Learning to control networked-coupled subsystems with unknown dynamics

Speaker: Aditya Mahajan

Date: Thu, Oct 28, 2021

Location: Online

Conference: Workshop on Mean Field Games on Networks

Subject: Mathematics

Class: Scientific

Abstract:

Large-scale systems comprising of multiple subsystems connected over a network arise in a number of applications including power systems, traffic networks, communication networks, and some economic systems. A common feature of such systems is that the state evolutions and costs are coupled, i.e., the state evolution and local cost of one subsystems depend not only on its own state and control action, but also on the state and control actions of other subsystems in the network.

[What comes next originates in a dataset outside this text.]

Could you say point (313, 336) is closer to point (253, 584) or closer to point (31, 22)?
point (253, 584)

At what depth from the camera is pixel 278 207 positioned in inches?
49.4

We consider the problem of designing control strategies for such systems when some of the parameters of the system model are not known. Due to the unknown parameters, the control problem is also a learning problem. Directly using existing reinforcement learning algorithms on such network coupled subsystems would incur $O(n^{1.5} \sqrt{T})$ regret over a horizon $T$, where the $n$ is the number of subsystems. This superlinear dependence on $n$ is prohibitive in large scale networked systems because the regret per subsystem (which is $O(\sqrt{nT})$ grows with the size of the network.

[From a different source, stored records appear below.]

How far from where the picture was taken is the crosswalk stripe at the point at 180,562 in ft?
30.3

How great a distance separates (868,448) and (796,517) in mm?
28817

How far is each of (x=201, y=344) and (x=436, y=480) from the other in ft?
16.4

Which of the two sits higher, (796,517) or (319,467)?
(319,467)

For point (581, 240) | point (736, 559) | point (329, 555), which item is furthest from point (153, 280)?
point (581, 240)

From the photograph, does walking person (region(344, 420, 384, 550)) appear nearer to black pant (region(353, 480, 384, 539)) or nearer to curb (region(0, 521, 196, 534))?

We consider networks where the dynamics coupling may be represented by a symmetric matrix (e.g., the adjacency or Laplacian matrix corresponding to a undirected weighted graph) and the cost coupling matrix have the same eigenvalues as the dynamics coupling. We use spectral decomposition of the coupling matrices to decompose the system into (L + 1) systems which are only coupled through the noise, where L is the rank of the coupling matrix. We show that, when the system model is known, the optimal control input at each subsystem can be computing by solving (L+1) decoupled Riccati equations.

Using this structure of the planning solution, we propose a new Thompson sampling algorithm and show that its regret is bounded by $O(n\sqrt{T})$, which increases linearly in the size of the network. We present numerical simulations to illustrate our results on mean-field control and general low-rank networks.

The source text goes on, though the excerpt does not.